Monday, January 4, 2010

Apparently I'm not thrifty

I don't normally talk about "the money" on this site, but I have a big problem that may impact the projects that I document on the blog, so I think you deserve the dirty details.  It's also that time of year for resolutions, so without further ado: 

The problem:  I'm a waster.  A money waster.  A big-time, celebrities-going-bankrupt-after-appearing-on-CRIBS money waster.  A couple weeks ago, I casually clicked on the 'Spend Analyzer' feature on my Discover card website, and immediately yelled "HARK THE HERALD ANGELS SING, that's a lot of monies!!!"  It was the Monday before Christmas, you see.  Then I downloaded all the year's transactions from my other credit cards and bank accounts I use for purchases, and was HORRIFIED!  Completely disgusted, I added all of our checking and credit card accounts to the free online budgeting tool Mint to see how we did as a couple.  IT WAS SHOCKING!  I spent over one third of my after-tax income on frivolous retail purchases.  And thanks to me, we also spent over one third of our combined take-home pay on just these categories:

General Shopping - clothing stores, speciality stores, places like Target, Kohls, TJ Maxx.
Home Furnishings and Minor Improvements - Menards, Home Depot, Pottery Barn,, Etsy, eBay, and any purchases I tagged as 'home' items.  
Eating out  - together, we spent about 2k on eating out last year, or $166 a month.  We also spent $4500 at grocery stores, which means we're drinking too much booze because two people don't need to spend almost $400 a month on groceries.  (Groceries are not included in the '1/3 of our income' figure, either!)
Cash (ATM Transactions) - $1700!!  Where did all that money go?

The bad news:  We have added next to nothing from our paychecks to our savings accounts for the entire year.  This is probably because our nice big tax return (which included a $7500 homebuyer tax credit) gave us a sense of security and a fat savings account.  We could've paid cash for a new car with the money we spent on 'things.'  What a sickening feeling. 

The good news:  We both contribute alot to our 401k (I've put in 12% for years) and have CDs/money market accounts that don't ever get touched.  We do have savings in place already.  We are not in debt, every credit card and bill is paid in full every month, so we're not necessarily living beyond our means and definitely aren't paying any interest.  In fact, we earned TONS of rewards on our credit cards.  We have a pretty house, and I have lots of nice outfits.....hey, I gotta make myself feel better somehow!  

Why it happened:  It's totally my fault.  I was excited about the house, and went all 'Shopaholic Takes Wisconsin' decorating it.  I also let the blog be an excuse to buy many things that I shouldn't have.  Combine these things with my hardwired-since-birth need to buy clothes constantly, and you've got a serious spending problem.  We also love to drink $10 bottles of wine every week, watch premium cable channels, and go out to dinner.  Oh yeah, and we bought a $3,000 mattress, so that didn't help the bottom line, either.

The resolution(s):  To give myself a monthly budget of 'fun money' that I can use for whatever I want....and when it's gone, it's gone.  To HOLY-COW-STOP-BUYING-CLOTHES because I have an entire room devoted to my clothes and only 1/3 of them will fit in there...I'm like a Midwestern, un-glamorous Mariah Carey.  To stop overspending to get that 'perfect look' seen on other blogs.  To be more like thrifty goddess Kasey* and stick to a budget that helps me put dollars into savings, not into more Etsy pillows and Pottery Barn rugs.  To challenge myself to do things more cheaply.  To save for a new vehicle because mine is almost 6 years old and won't last forever.  To use Mint to closely track our spending throughout the year to avoid this suprise at the end of 2010. 

So tell many of you are shocked when you tally up your spending at the end of the year??  Please tell me I'm not alone!

* ps Kasey, I hope you can still respect me now that I've proven to be a 'money loser!'    


  1. Unlike me, you must be swimming in rewards at this point :)!

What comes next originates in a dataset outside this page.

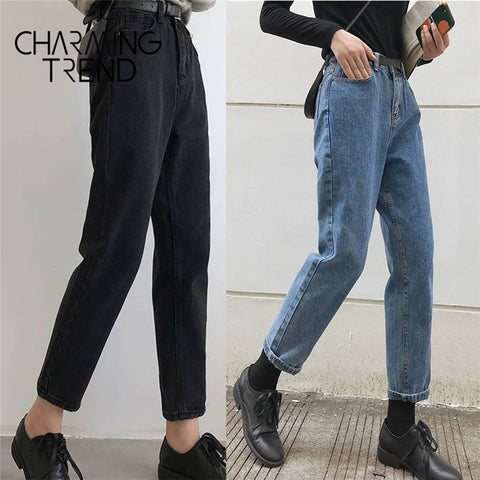 Women‘s Jeans Pant Black Crop Jeans Students Vintage Solid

I really need to hop on that train asap!!

    Look at the bright side to it all: You might be on a tighter budget in the upcoming years, but your home is seriously beautiful... I mean, really!

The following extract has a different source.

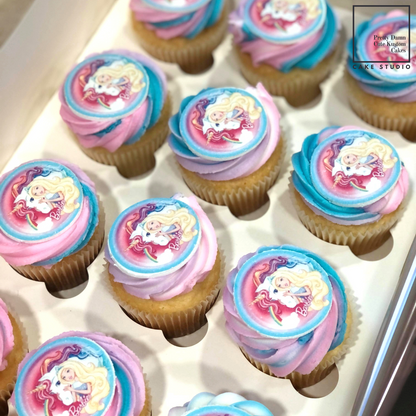 Edible Image Fondant Topper Cupcakes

  2. Oh, and how could I have not thanked you for the title of "thrifty goddess"... I mean, that's a t-shirt waiting to happen!

  3. I'm the book-keeper in our household and track our money and budget daily. At the end of each quarter and year I tally up how much we've spent in each category... It's frightening! I definitely know the feeling of shock. Good luck with your new budget!

  4. Know that you are not alone. I am believing that 2010 will be a better year for all of us spenders. We'll learn how to use what we got, or sell it for cash. We'll learn how to enjoy eating in and spending quality time with our families. We'll be thankful for what we have as opposed to wanting what we don't need. I'm right with you! Thanks for being honest and sharing.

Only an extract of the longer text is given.